Há mistérios na vida. Um dos mais misteriosos (eu sei que estou a ser redundante, mas eu não tenho muitas oportunidades para ser redundante no meu dia-a-dia, por isso, deal with it) é o pessoal que fuma tabaco de enrolar. Aliás, mais concretamente, malta que se dá ao trabalho de fazer os próprios cigarros. 

Eu não fumo. Fumei para aí uma semana durante o liceu (influências de grupo são fodidas) e nunca mais peguei num cigarro. Nunca percebi o prazer que se sente de fumar. Além de que o cheiro a tabaco não é propriamente o meu favorito. Contudo, o meu contacto com o tabaco vem desde muito novo. Começando nos cigarros de chocolate que o meu pai me comprava (hum, agora, à luz do que se pensa e se diz, dá para perceber porque é que extinguiram essas delícias de chocolate. Ver miúdos de seis anos com um cigarro nos queixos era uma imagem capaz de levar a algum histerismo), passando pelo facto de ambos os meus progenitores fumarem, de quase todas as minhas namoradas serem fumadoras e terminando nos amigos e colegas de trabalho adeptos da "passa". Seria normal que fumasse, seria. Mas tendo em conta que o Glorioso, com a qualidade que tem no plantel, também devia jogar futebol de primeira linha, não há por aí lógica que resista.

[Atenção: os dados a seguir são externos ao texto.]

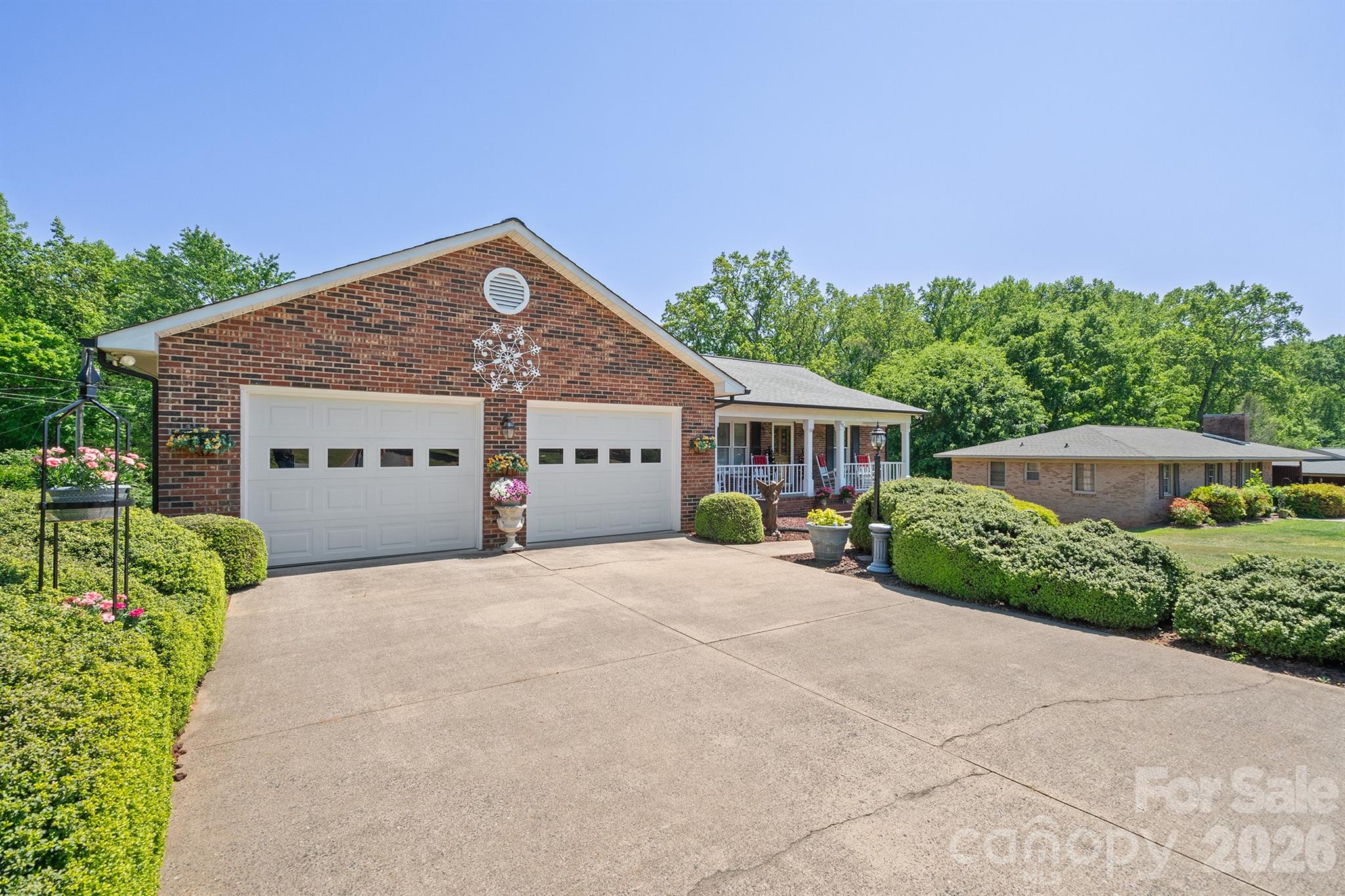 105 Rock Creek Drive Lincolnton NC 28092
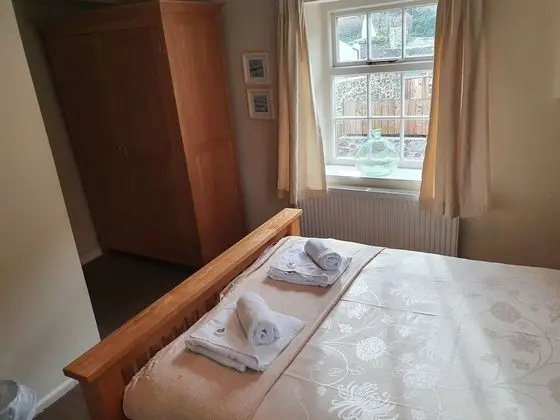 Tek Büyük Yataklı Oda (Room 3)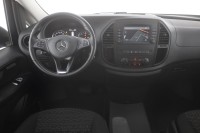 Mercedes-Benz Vito Tourer extralang 8-Sitzer Aut.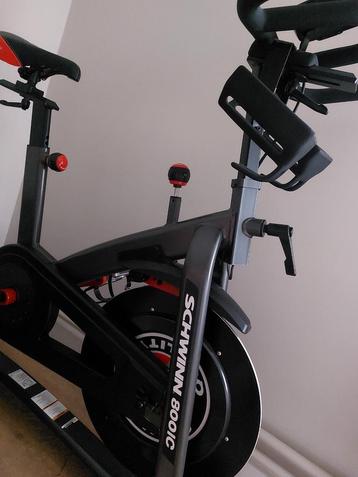 SCHWINN SPEED BIKE beschikbaar voor biedingen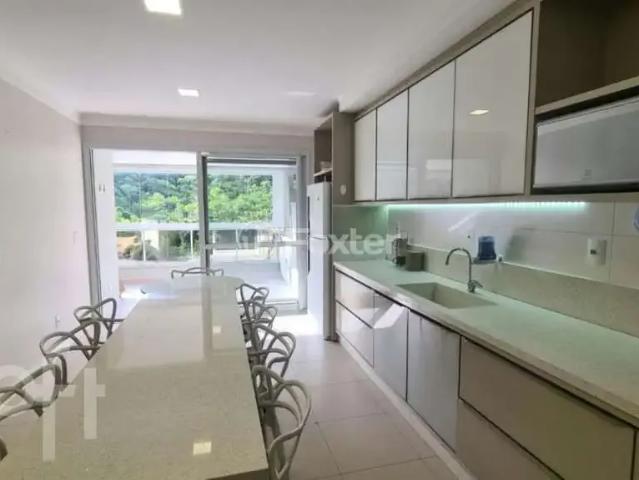 Apartamento para Venda em Florianópolis/SC Ingleses do Rio Vermelho 3 Quartos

Nos últimos tempos, a quantidade de amigos fumadores que se tornaram adeptos do tabaco de enrolar tem crescido. O argumento que me vendem é de que é mais barato. Nunca me dei ao trabalho de fazer contas, até porque era parvo dar-me a esse exercício, se não fumo. Mas será que fica mais barato comprar o tabaco, os filtros e as mortalhas? Mais barato que um maço onde já vêm os cigarros ready made?

Fumar tabaco de enrolar também é uma atentado à coolness de um tipo (ou tipa). Sacar do maço (de um icónico Marlboro ou Camel), tirar um cigarro, acendê-lo com recurso a um isqueiro (se for um Zippo é a cereja no topo do bolo de coolness) é um acto que está marcado em várias gerações. O cinema e a televisão a isso ajudou.

Há ainda outra coisa que me deixa a pensar. Fumar numa discoteca/bar, no carro no meio do trânsito, à porta da empresa onde se trabalha são gestos normais para os fumadores. Agora imagino o que será fazer cigarros de tabaco de enrolar nesses ambientes. No meio dos encontrões da pista de dança? Ao balcão do bar? Enrolar cigarros enquanto se conduz? E fazer um cigarro num dia ventoso? Dá que pensar.

Outra coisa que me espanta (e ao mesmo tempo leva a que admire esta malta do tabaco de enrolar) é a quantidade de tralha que trazem consigo. É a embalagem do tabaco, o saquinho dos filtros, a caixinha das mortalhas e, em alguns casos, a máquina para fazer os cigarros. Somando tudo, pelo menos 4 objectos, que normalmente são guardados numa bolsinha. Tanta coisa que pode ser condensada num simples maço que cabe no bolso das calças. Vá-se lá perceber.

Em último caso, há algo que me convenceria definitivamente a não escolher tabaco de enrolar, caso fumasse. É o ar de atrasado mental que um tipo faz quando está a aprender a enrolar os cigarros.